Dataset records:
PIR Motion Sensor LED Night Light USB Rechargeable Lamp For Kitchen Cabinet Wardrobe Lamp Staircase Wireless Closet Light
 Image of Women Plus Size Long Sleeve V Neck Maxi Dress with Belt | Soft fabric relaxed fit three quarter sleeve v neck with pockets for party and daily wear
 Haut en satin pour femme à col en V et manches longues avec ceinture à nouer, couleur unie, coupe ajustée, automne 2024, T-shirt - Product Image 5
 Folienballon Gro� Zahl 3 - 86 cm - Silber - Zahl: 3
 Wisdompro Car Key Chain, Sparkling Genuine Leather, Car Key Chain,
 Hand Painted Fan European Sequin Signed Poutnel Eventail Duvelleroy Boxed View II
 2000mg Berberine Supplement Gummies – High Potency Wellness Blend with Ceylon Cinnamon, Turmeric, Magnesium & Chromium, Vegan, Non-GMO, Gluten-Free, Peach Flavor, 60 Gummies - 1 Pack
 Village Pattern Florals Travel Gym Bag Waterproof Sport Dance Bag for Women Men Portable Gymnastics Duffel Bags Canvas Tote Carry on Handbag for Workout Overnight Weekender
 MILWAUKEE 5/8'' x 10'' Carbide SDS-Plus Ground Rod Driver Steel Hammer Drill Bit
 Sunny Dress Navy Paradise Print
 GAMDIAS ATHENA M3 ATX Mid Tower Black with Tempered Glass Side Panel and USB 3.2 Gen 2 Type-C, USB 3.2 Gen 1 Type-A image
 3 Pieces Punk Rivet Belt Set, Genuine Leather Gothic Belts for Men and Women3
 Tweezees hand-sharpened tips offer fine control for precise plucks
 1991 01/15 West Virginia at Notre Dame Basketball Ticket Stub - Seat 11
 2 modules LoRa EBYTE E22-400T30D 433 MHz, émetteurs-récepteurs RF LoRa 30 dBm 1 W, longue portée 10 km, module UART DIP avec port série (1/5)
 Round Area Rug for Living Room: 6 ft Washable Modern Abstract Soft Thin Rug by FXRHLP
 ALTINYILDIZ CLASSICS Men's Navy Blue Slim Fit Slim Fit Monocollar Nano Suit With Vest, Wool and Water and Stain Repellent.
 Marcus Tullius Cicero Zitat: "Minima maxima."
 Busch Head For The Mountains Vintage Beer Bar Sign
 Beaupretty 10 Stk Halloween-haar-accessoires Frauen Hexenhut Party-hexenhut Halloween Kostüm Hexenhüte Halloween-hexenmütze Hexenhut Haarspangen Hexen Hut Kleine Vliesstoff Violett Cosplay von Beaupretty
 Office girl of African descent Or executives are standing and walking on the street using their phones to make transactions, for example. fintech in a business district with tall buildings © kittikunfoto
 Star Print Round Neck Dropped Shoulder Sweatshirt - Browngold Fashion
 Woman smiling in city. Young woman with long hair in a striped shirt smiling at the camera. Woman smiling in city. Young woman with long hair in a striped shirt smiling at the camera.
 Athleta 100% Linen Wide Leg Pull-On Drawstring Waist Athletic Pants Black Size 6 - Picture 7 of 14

**About this exercise:** Print each record word for word.

**Response area:**
PIR Motion Sensor LED Night Light USB Rechargeable Lamp For Kitchen Cabinet Wardrobe Lamp Staircase Wireless Closet Light
 Image of Women Plus Size Long Sleeve V Neck Maxi Dress with Belt | Soft fabric relaxed fit three quarter sleeve v neck with pockets for party and daily wear
 Haut en satin pour femme à col en V et manches longues avec ceinture à nouer, couleur unie, coupe ajustée, automne 2024, T-shirt - Product Image 5
 Folienballon Gro� Zahl 3 - 86 cm - Silber - Zahl: 3
 Wisdompro Car Key Chain, Sparkling Genuine Leather, Car Key Chain,
 Hand Painted Fan European Sequin Signed Poutnel Eventail Duvelleroy Boxed View II
 2000mg Berberine Supplement Gummies – High Potency Wellness Blend with Ceylon Cinnamon, Turmeric, Magnesium & Chromium, Vegan, Non-GMO, Gluten-Free, Peach Flavor, 60 Gummies - 1 Pack
 Village Pattern Florals Travel Gym Bag Waterproof Sport Dance Bag for Women Men Portable Gymnastics Duffel Bags Canvas Tote Carry on Handbag for Workout Overnight Weekender
 MILWAUKEE 5/8'' x 10'' Carbide SDS-Plus Ground Rod Driver Steel Hammer Drill Bit
 Sunny Dress Navy Paradise Print
 GAMDIAS ATHENA M3 ATX Mid Tower Black with Tempered Glass Side Panel and USB 3.2 Gen 2 Type-C, USB 3.2 Gen 1 Type-A image
 3 Pieces Punk Rivet Belt Set, Genuine Leather Gothic Belts for Men and Women3
 Tweezees hand-sharpened tips offer fine control for precise plucks
 1991 01/15 West Virginia at Notre Dame Basketball Ticket Stub - Seat 11
 2 modules LoRa EBYTE E22-400T30D 433 MHz, émetteurs-récepteurs RF LoRa 30 dBm 1 W, longue portée 10 km, module UART DIP avec port série (1/5)
 Round Area Rug for Living Room: 6 ft Washable Modern Abstract Soft Thin Rug by FXRHLP
 ALTINYILDIZ CLASSICS Men's Navy Blue Slim Fit Slim Fit Monocollar Nano Suit With Vest, Wool and Water and Stain Repellent.
 Marcus Tullius Cicero Zitat: "Minima maxima."
 Busch Head For The Mountains Vintage Beer Bar Sign
 Beaupretty 10 Stk Halloween-haar-accessoires Frauen Hexenhut Party-hexenhut Halloween Kostüm Hexenhüte Halloween-hexenmütze Hexenhut Haarspangen Hexen Hut Kleine Vliesstoff Violett Cosplay von Beaupretty
 Office girl of African descent Or executives are standing and walking on the street using their phones to make transactions, for example. fintech in a business district with tall buildings © kittikunfoto
 Star Print Round Neck Dropped Shoulder Sweatshirt - Browngold Fashion
 Woman smiling in city. Young woman with long hair in a striped shirt smiling at the camera. Woman smiling in city. Young woman with long hair in a striped shirt smiling at the camera.
 Athleta 100% Linen Wide Leg Pull-On Drawstring Waist Athletic Pants Black Size 6 - Picture 7 of 14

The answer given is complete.